• _Activity_
Please restate, word for word, the lines below that begin at the one with "Large Wood H-Frame" and end at the one with "Moeder pist in". Leave out all other lines.

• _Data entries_
[Start of section]

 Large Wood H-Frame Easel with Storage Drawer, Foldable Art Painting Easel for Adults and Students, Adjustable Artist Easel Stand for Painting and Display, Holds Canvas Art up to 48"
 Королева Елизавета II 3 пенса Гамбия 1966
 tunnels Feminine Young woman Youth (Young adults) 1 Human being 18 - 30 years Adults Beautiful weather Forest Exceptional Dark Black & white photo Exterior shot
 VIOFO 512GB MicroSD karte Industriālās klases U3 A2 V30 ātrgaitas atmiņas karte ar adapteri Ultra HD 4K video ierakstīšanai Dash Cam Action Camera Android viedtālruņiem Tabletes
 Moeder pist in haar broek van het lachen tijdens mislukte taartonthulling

[End of section]
[Start of section]

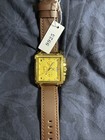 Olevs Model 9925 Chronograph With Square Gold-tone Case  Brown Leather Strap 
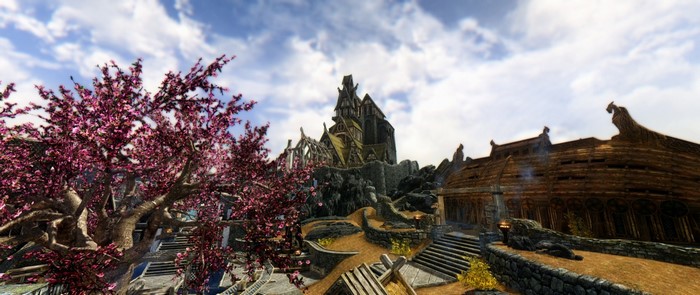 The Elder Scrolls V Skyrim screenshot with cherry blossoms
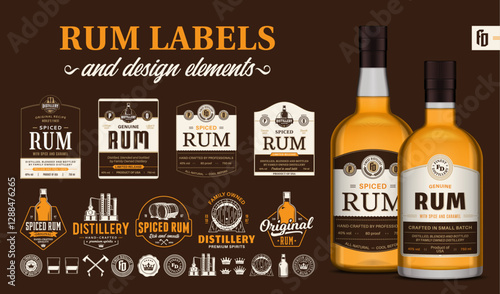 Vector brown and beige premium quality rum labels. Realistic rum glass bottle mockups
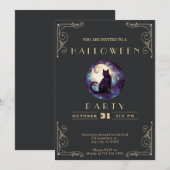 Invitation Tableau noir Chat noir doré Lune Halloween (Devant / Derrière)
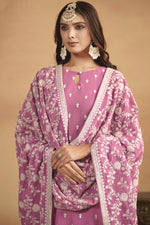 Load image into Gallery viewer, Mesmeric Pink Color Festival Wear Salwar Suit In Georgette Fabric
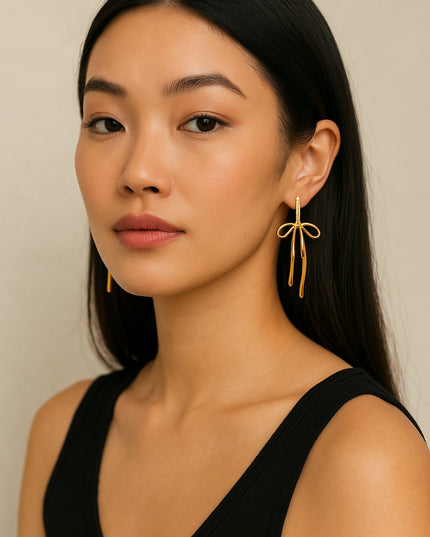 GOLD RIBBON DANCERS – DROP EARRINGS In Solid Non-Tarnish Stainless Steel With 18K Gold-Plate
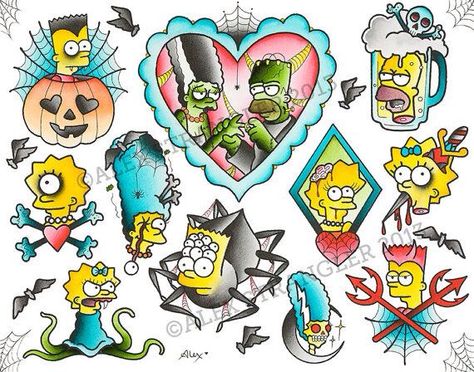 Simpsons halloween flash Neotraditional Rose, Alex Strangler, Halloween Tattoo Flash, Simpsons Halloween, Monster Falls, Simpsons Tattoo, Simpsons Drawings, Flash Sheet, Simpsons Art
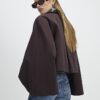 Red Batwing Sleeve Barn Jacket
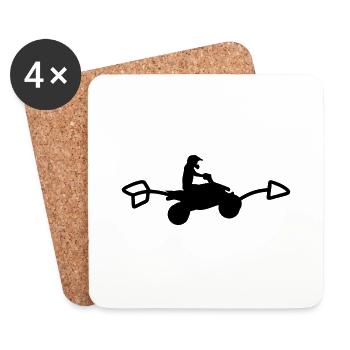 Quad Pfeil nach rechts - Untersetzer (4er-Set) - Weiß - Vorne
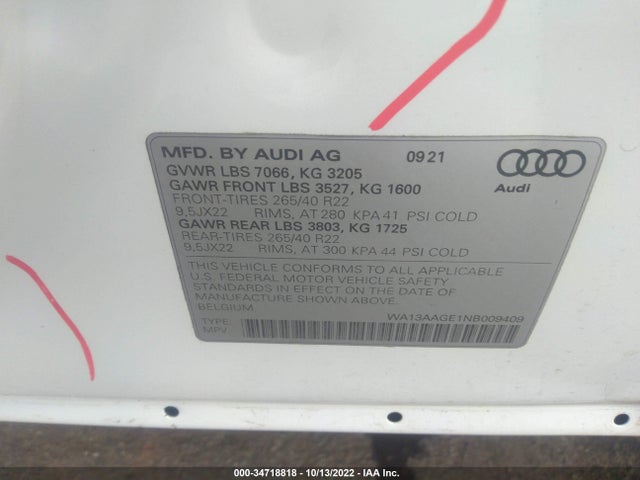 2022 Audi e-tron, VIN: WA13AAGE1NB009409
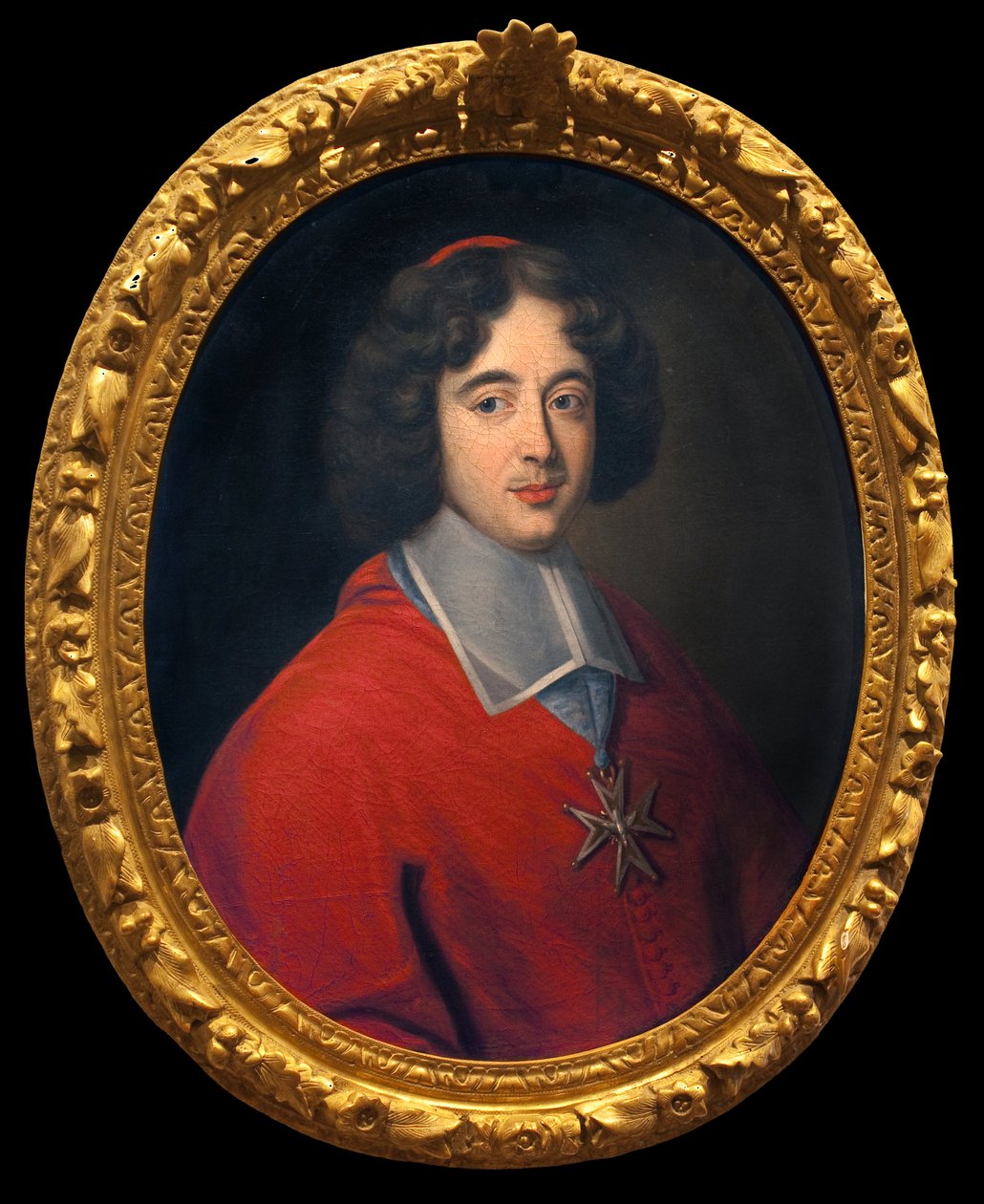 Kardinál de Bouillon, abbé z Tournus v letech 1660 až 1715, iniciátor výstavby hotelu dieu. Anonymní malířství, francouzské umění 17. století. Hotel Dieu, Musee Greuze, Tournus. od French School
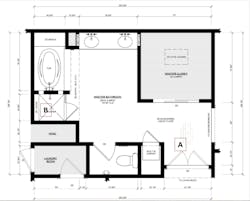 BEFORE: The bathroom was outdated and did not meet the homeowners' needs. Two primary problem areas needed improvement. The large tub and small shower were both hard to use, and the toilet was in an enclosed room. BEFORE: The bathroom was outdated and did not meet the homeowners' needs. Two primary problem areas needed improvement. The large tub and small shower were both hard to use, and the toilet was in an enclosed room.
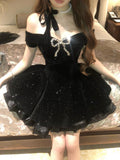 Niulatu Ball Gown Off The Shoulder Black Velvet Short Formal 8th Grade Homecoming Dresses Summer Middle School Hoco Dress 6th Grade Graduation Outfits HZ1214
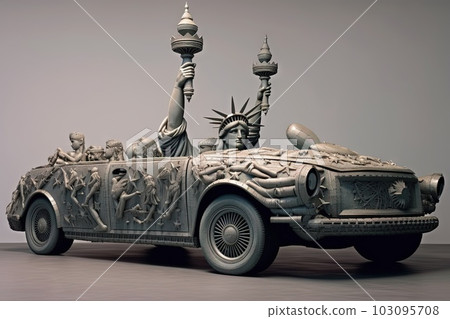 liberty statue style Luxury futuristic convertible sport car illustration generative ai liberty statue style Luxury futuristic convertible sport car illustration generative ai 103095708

[End of section]
[Start of section]

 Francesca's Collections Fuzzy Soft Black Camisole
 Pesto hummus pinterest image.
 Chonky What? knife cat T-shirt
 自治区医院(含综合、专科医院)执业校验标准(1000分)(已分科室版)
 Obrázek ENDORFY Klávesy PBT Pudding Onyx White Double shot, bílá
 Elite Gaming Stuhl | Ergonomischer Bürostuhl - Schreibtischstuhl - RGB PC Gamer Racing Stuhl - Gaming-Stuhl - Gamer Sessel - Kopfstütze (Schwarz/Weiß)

[End of section]

• _Response_
 Large Wood H-Frame Easel with Storage Drawer, Foldable Art Painting Easel for Adults and Students, Adjustable Artist Easel Stand for Painting and Display, Holds Canvas Art up to 48"
 Королева Елизавета II 3 пенса Гамбия 1966
 tunnels Feminine Young woman Youth (Young adults) 1 Human being 18 - 30 years Adults Beautiful weather Forest Exceptional Dark Black & white photo Exterior shot
 VIOFO 512GB MicroSD karte Industriālās klases U3 A2 V30 ātrgaitas atmiņas karte ar adapteri Ultra HD 4K video ierakstīšanai Dash Cam Action Camera Android viedtālruņiem Tabletes
 Moeder pist in haar broek van het lachen tijdens mislukte taartonthulling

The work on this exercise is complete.